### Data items
_____

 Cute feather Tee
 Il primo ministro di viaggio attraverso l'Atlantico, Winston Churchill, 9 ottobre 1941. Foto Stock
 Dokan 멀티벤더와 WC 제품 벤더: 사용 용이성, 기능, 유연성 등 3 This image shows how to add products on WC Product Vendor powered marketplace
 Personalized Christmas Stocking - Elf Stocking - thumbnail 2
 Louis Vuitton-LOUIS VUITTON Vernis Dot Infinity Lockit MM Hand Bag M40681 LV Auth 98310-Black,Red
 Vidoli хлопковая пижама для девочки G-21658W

_____

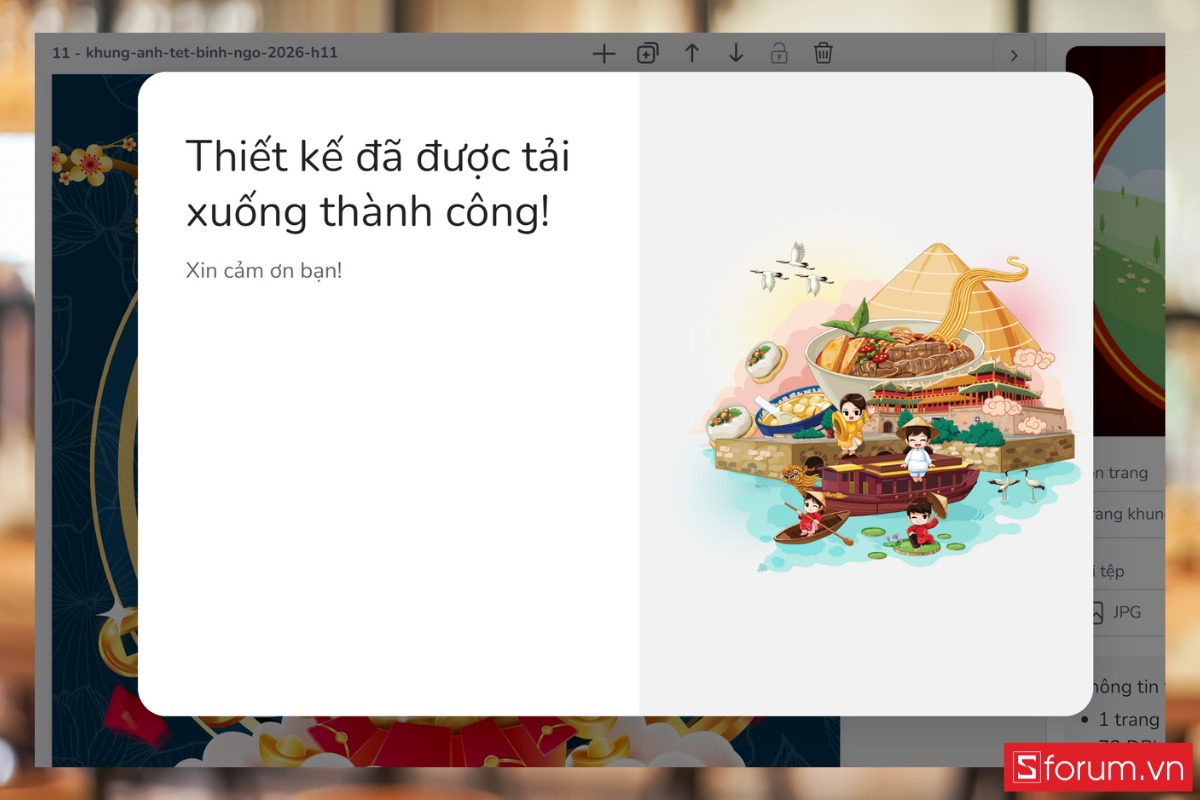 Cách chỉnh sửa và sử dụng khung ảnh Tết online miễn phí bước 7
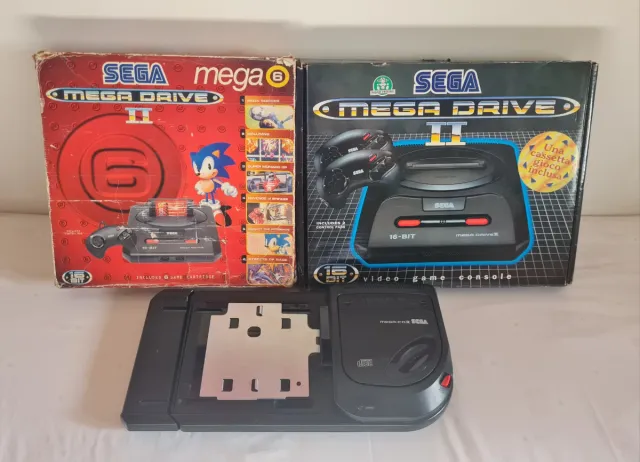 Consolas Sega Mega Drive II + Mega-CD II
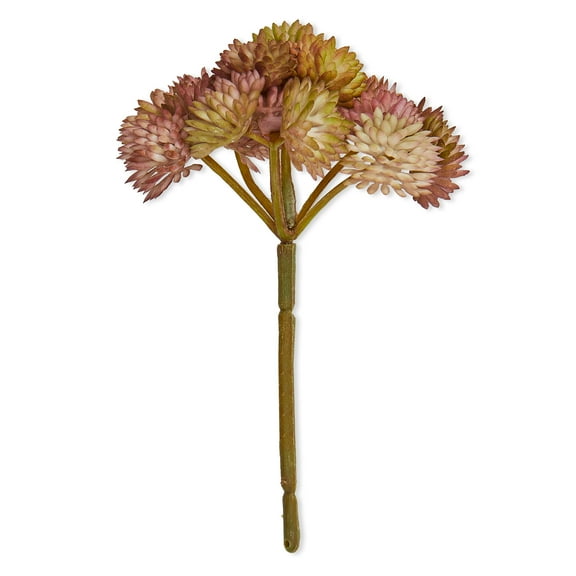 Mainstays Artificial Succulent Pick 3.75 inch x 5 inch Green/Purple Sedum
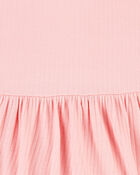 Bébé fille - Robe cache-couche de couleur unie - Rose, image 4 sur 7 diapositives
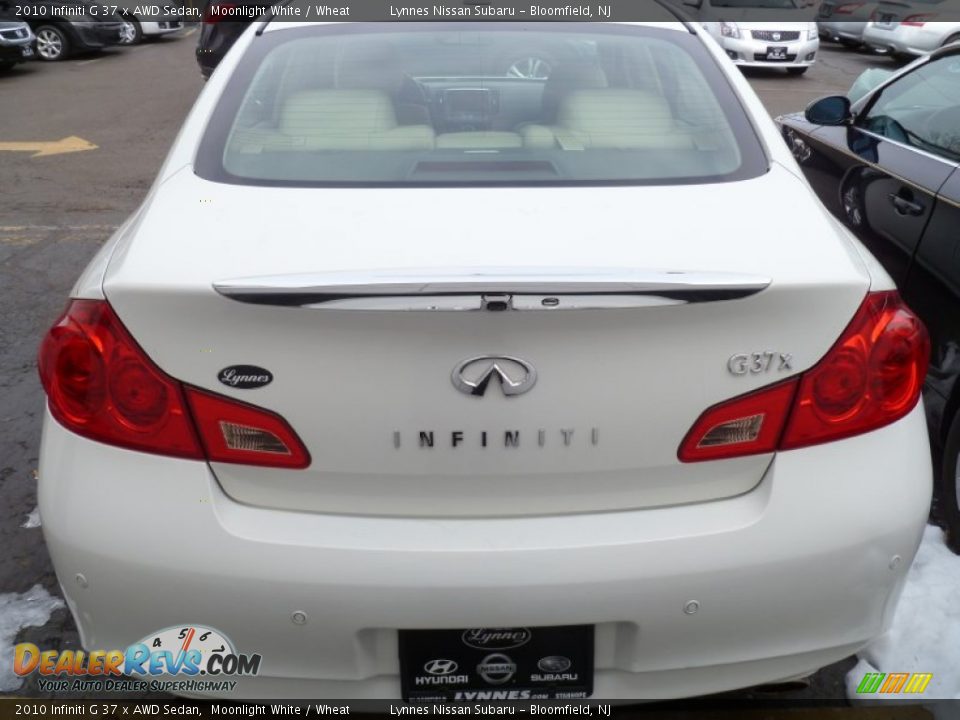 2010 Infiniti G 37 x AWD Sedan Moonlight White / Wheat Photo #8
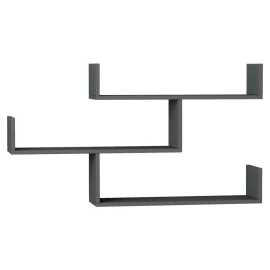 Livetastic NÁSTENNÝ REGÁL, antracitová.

_____

### THE TASK
A word-for-word copy of the lines above from the one with "Cute feather Tee" through the one with "Vidoli хлопковая пижама для девочки G-21658W", inclusive, is the only output wanted.

### COMPLETED TASK
 Cute feather Tee
 Il primo ministro di viaggio attraverso l'Atlantico, Winston Churchill, 9 ottobre 1941. Foto Stock
 Dokan 멀티벤더와 WC 제품 벤더: 사용 용이성, 기능, 유연성 등 3 This image shows how to add products on WC Product Vendor powered marketplace
 Personalized Christmas Stocking - Elf Stocking - thumbnail 2
 Louis Vuitton-LOUIS VUITTON Vernis Dot Infinity Lockit MM Hand Bag M40681 LV Auth 98310-Black,Red
 Vidoli хлопковая пижама для девочки G-21658W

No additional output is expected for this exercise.